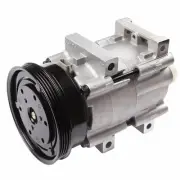 A/C Compressor For 1993-1998 Nissan Quest & Mercury Villager 3.0L Fits 1520389 (for: Nissan)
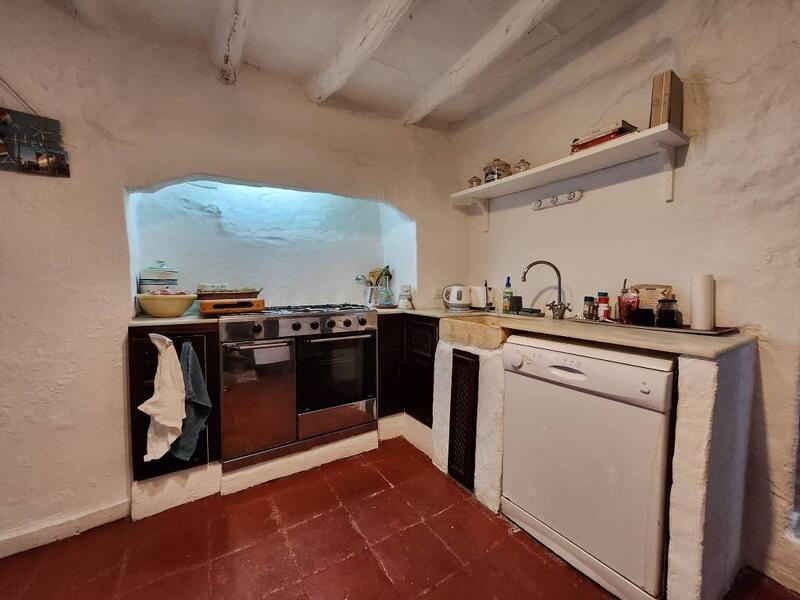 4 Cuarto Adosado en venta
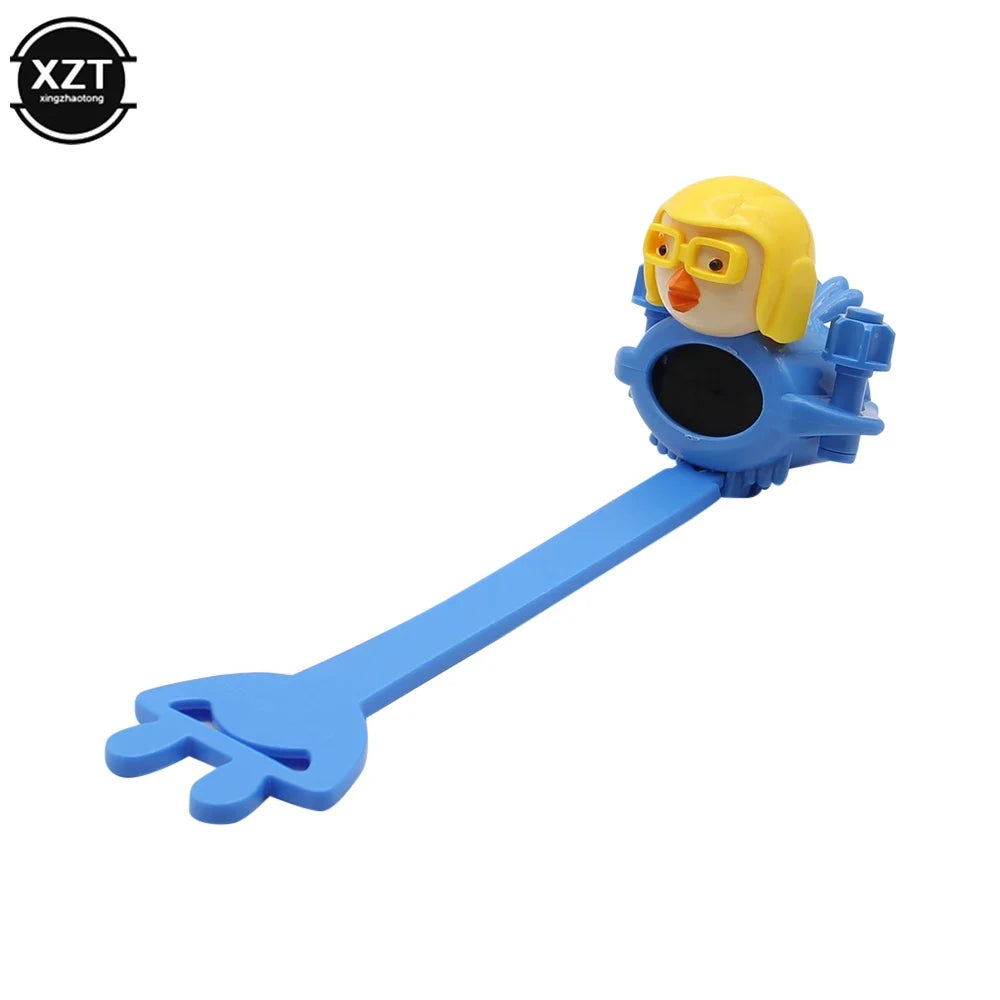 Cartoon Faucet Extender For Kids Hand Washing In Bathroom Sink Animals Accessories Kitchen Convenient for Baby Washing Bath Toys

○ ○ ○ ○ ○ ○ ○

## How to complete this task
Could you repeat the data exactly, omitting its pictures?

## Task result
 A/C Compressor For 1993-1998 Nissan Quest & Mercury Villager 3.0L Fits 1520389 (for: Nissan)
 4 Cuarto Adosado en venta
 Cartoon Faucet Extender For Kids Hand Washing In Bathroom Sink Animals Accessories Kitchen Convenient for Baby Washing Bath Toys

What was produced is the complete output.